▸ Records:
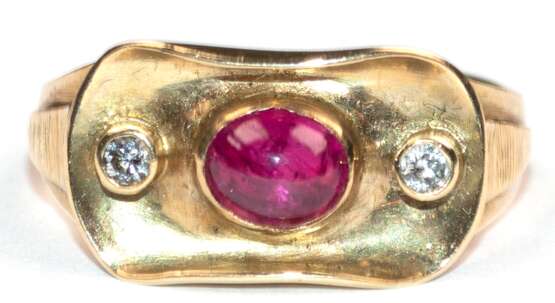 Rubin-Brillant-Ring, 585er GG, ausgefaßt mit 1 ovalen Rubin-Cabochon und 2 Brillanten von zus. ca. 0,06 ct., Ges.-Gew. 6,01 g, RG 55 - photo 1
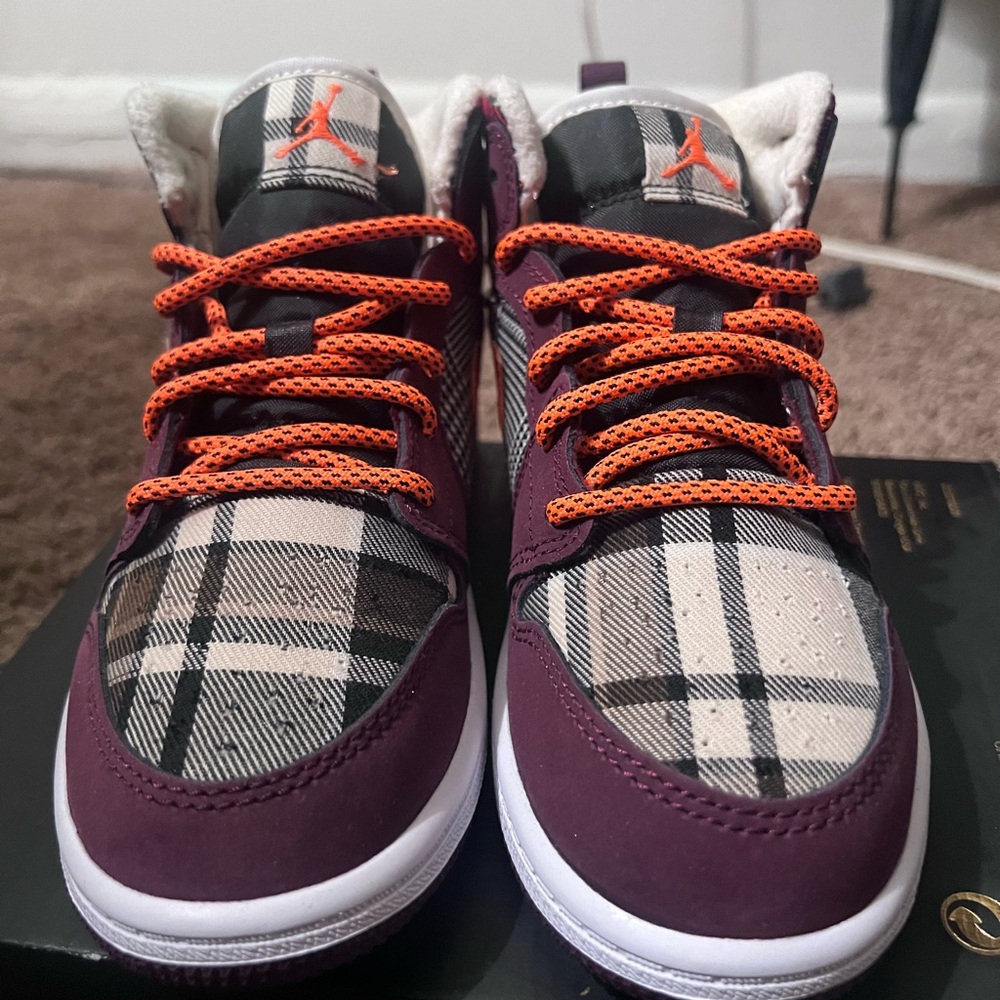 Jordan Kids Shoes - Maroon/Orange Plaid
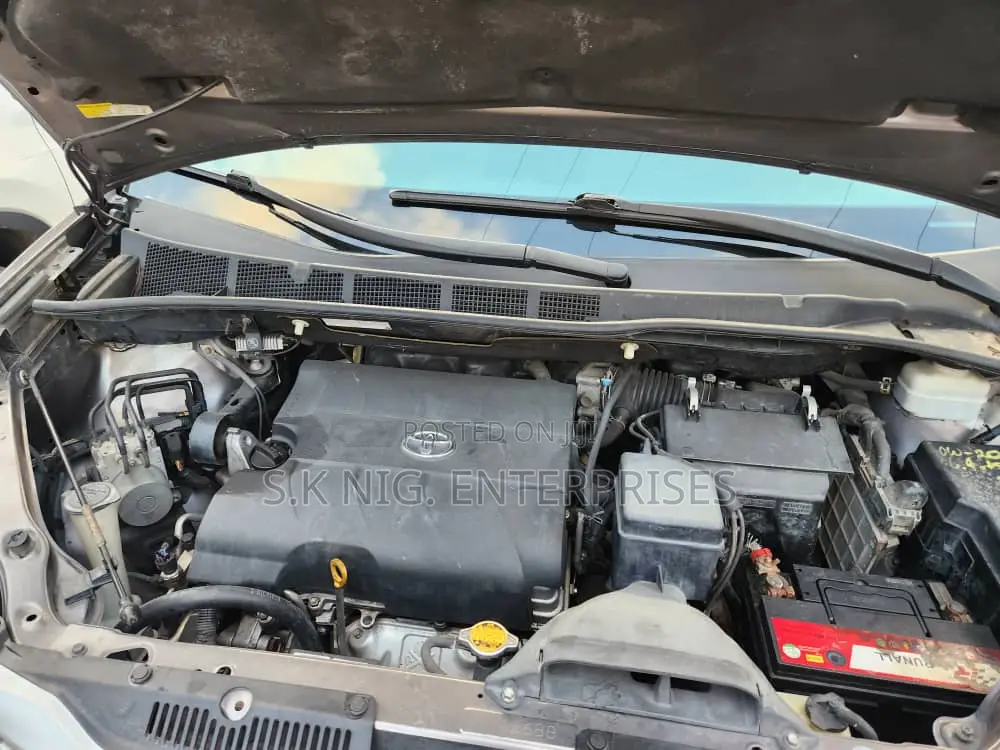 Toyota Sienna XLE 7 Passenger 2012 Silver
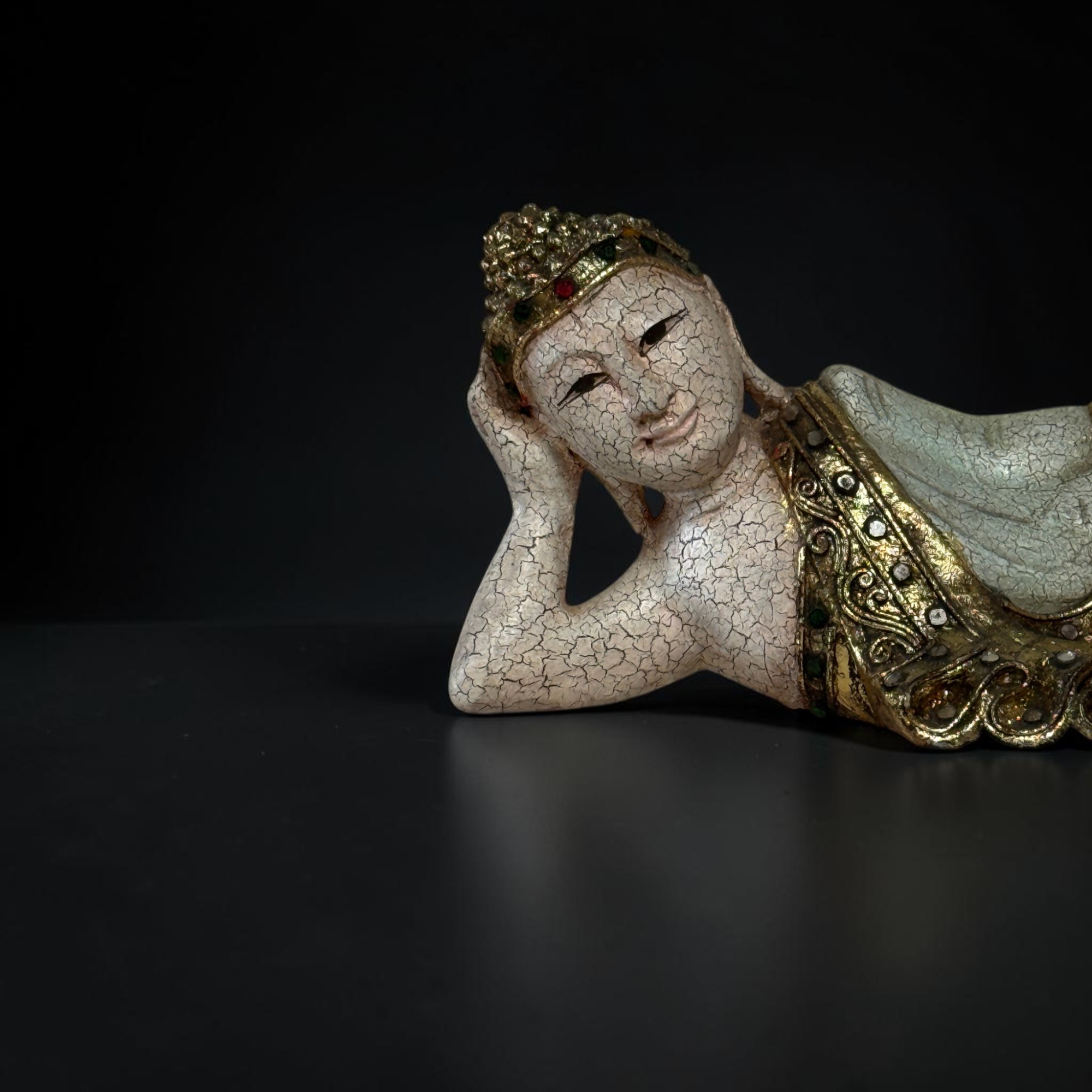Liegender Wochentag Buddha ´Dienstag´aus Holz 31cm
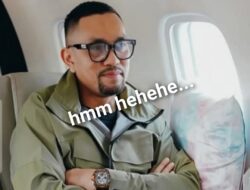 Politikus Partai NasDem, Ahmad Sahroni kabur ke Singapura, Dirinya Tertangkap Kamera Sedang Berada di Bandara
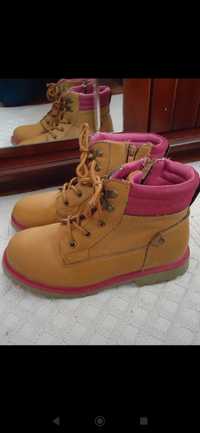 Botas tipo Timberland mulher 36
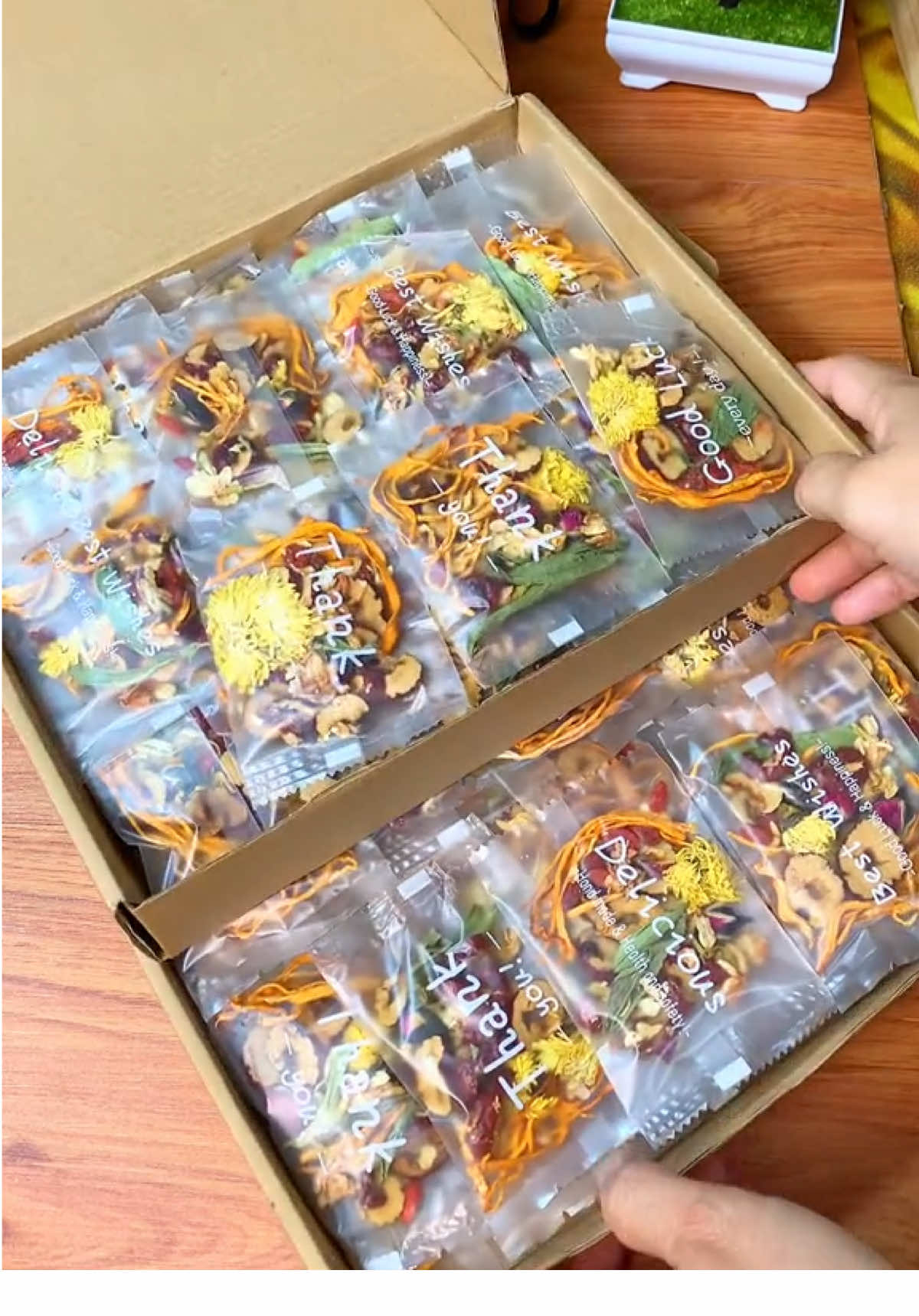 Trả lời @mocthuyen76 Mua 1 hộp 30 tặng thêm 1 hộp 35 gói tổng nhận về 2 hộp 65 gói trà đông trùng dưỡng nhan 7 vị#xuhuong #thinhhanh #thinhhanhtiktok2023 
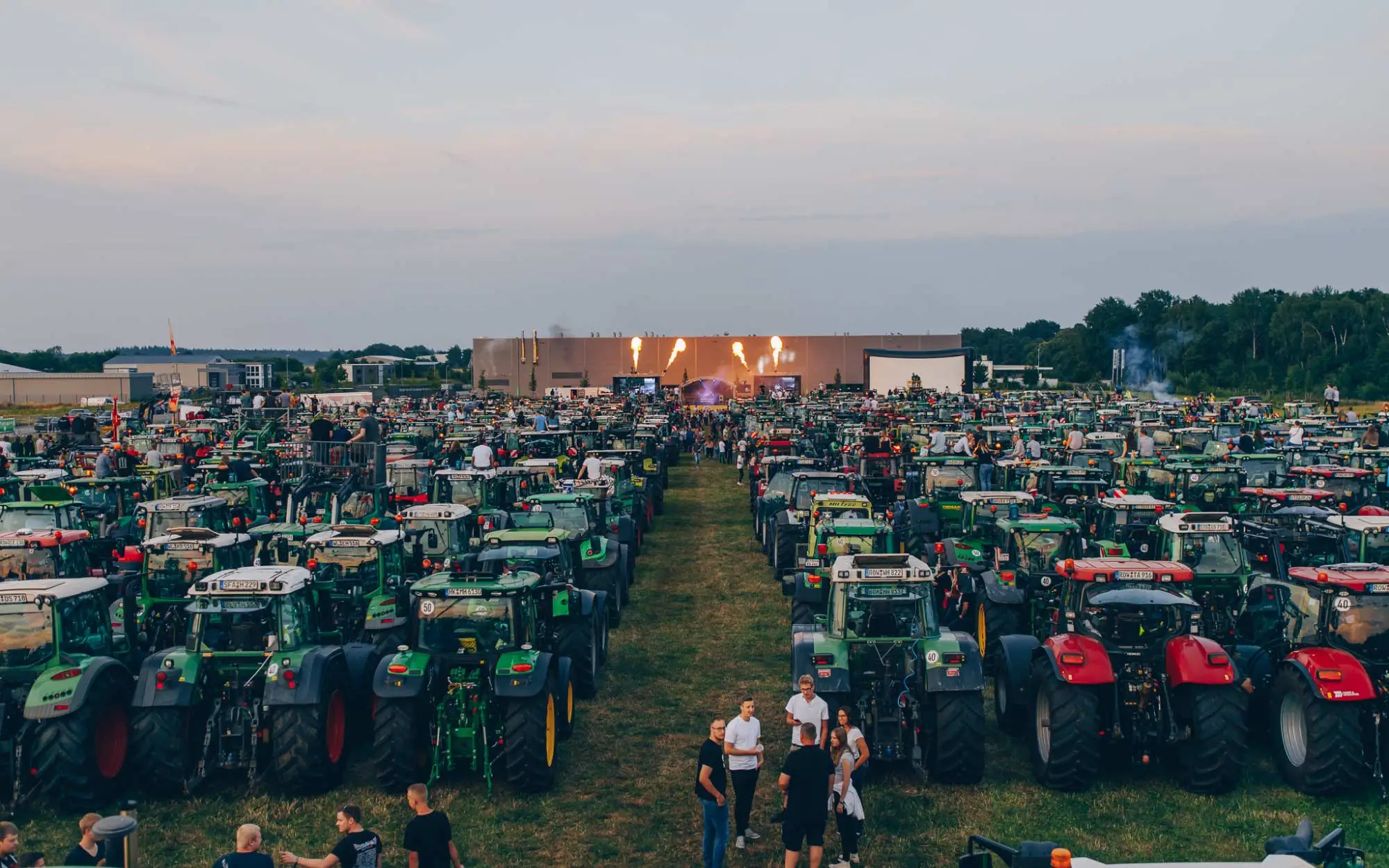 Sound Patrol Treckerdisco Rotenburg – Deutschlands größte Treckerdisco: Reihe von Traktoren (Claas, John Deere) bei der Auto Disco Rotenburg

▸ Your task: Find the line holding "Toyota Sienna XLE 7 Passenger 2012 Silver" in the data above. Retype it and every later line exactly, through the end, but not the pictures.

▸ Answer to this task:
 Toyota Sienna XLE 7 Passenger 2012 Silver
Liegender Wochentag Buddha ´Dienstag´aus Holz 31cm
 Politikus Partai NasDem, Ahmad Sahroni kabur ke Singapura, Dirinya Tertangkap Kamera Sedang Berada di Bandara
 Botas tipo Timberland mulher 36
 Trả lời @mocthuyen76 Mua 1 hộp 30 tặng thêm 1 hộp 35 gói tổng nhận về 2 hộp 65 gói trà đông trùng dưỡng nhan 7 vị#xuhuong #thinhhanh #thinhhanhtiktok2023 
 Sound Patrol Treckerdisco Rotenburg – Deutschlands größte Treckerdisco: Reihe von Traktoren (Claas, John Deere) bei der Auto Disco Rotenburg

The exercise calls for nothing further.